Suggestioni industrial, arredi essenziali, tagli di luce espressionisti. A disegnare nello spazio e nell’immaginazione forme e atmosfere dell’ultimo progetto di Jg Phoenix
Immaginazione, fascino dell’ignoto, atmosfere che evocano una dimensione metafisica. Sono molte le parole chiave che descrivono Kepler’s Utopia, uno spazio ufficio dalla forte impronta emozionale progettato dallo studio Jg Phoenix a Shantou che coniuga lavoro e tempo libero nel segno di un design esperienziale ispirato al tema del silenzio e della tranquillità. Per svilupparlo il progetto fa affiorare le strutture in calcestruzzo grezzo dell’edificio originale, una ex fabbrica, limitandosi a piccoli interventi di ripristino e a una parziale redistribuzione degli ambienti, creando in questo modo una tavolozza neutra su cui disegnare una suggestiva narrazione formale.
Suo elemento definitorio, una palette cromatica declinata nelle tonalità del grigio e nelle texture del cemento a vista, scabre nei soffitti, lucidate a specchio nei pavimenti, la cui uniformità è interrotta dal sapiente contrasto fra la pietra naturale e l’acciaio brunito che contornano, disegnandole nello spazio, aperture e varchi di passaggio da un ambiente all’altro. Essenziale e quasi invisibile l’illuminazione, annegata dentro barre in acciaio che attraversano longitudinalmente gli spazi in perfetta continuità con gli elementi strutturali, orientate in modo da valorizzare la trama dei materiali ed esaltare l’alternanza di luci e ombre.
Ridotti all’essenziale gli arredi, sia per lasciare il più possibile ininterrotto l’ampio respiro spaziale degli interni, sia per consentirne una rapida riconfigurazione in funzione delle attività. Inattesa e sorprendente, una scultura raffigurante un suonatore di Nanxiao, un antico strumento a fiato cinese, rompe l’atmosfera astratta e quasi metafisica dello spazio con un elemento figurativo che la riconnette alla dimensione umana.

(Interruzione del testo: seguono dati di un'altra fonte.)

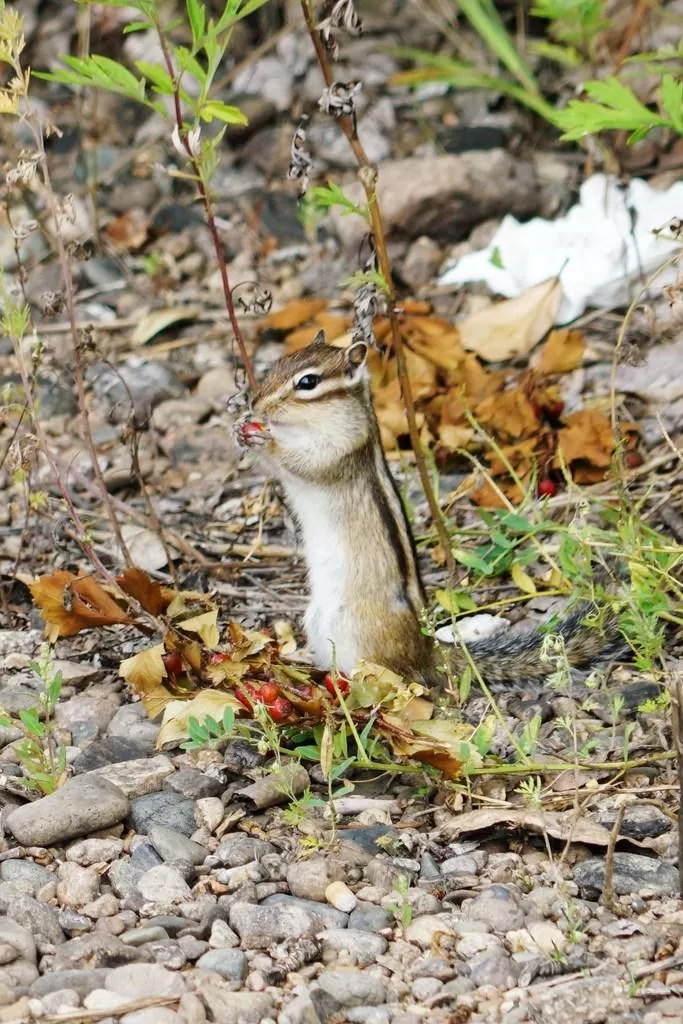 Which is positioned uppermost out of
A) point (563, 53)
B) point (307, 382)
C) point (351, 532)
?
point (563, 53)

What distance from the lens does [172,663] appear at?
152 inches

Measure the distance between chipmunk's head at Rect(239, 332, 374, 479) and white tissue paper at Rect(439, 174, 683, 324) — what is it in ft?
6.06

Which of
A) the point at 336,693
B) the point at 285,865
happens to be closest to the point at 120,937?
the point at 285,865

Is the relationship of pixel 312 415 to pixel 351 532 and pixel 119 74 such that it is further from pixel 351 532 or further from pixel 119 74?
pixel 119 74

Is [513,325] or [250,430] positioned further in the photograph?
[513,325]

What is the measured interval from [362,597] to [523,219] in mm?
3216

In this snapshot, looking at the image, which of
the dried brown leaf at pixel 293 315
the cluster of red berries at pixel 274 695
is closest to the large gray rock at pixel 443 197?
the dried brown leaf at pixel 293 315

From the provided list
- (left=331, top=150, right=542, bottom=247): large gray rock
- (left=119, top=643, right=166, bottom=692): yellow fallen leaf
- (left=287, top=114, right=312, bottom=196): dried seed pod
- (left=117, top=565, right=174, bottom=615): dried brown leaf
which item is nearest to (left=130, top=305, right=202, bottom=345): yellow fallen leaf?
(left=331, top=150, right=542, bottom=247): large gray rock

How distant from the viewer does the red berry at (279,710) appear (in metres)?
3.57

L’impianto distributivo degli interni si articola a partire dall’ampia reception direttamente collegata all’ufficio direzionale, soluzione che ne amplifica la percezione visiva insieme a una parete di fondo bianca. Da qui si ha accesso all’intima sala da tè e alla zona pranzo attraverso una serie di porte a libro che separano funzionalmente e gerarchicamente gli ambienti dedicati al lavoro da quelli di soggiorno e relax, garantendone al tempo stesso la privacy e una costante connessione.
L’esito è un’area che può essere configurata come spazio unico per favorire socialità e comunicazione, flessibile, multifunzionale e in connessione con l’esterno grazie alle finestre affacciate sul panorama costiero. Lineari nel loro stile minimalista i complementi, le cui forme elementari riconducono a puri volumi sottolineati dalle tonalità grigie di superfici e rivestimenti tessili. Un linguaggio che sa essere emozionale ed evocativo, contemporaneo senza rinunciare ad alcuni tratti dell’estetica tradizionale orientale, lasciando l’immaginazione libera di spaziare in un’atmosfera ideale sospesa nel tempo dove la dimensione umana è ricondotta alla sua essenzialità.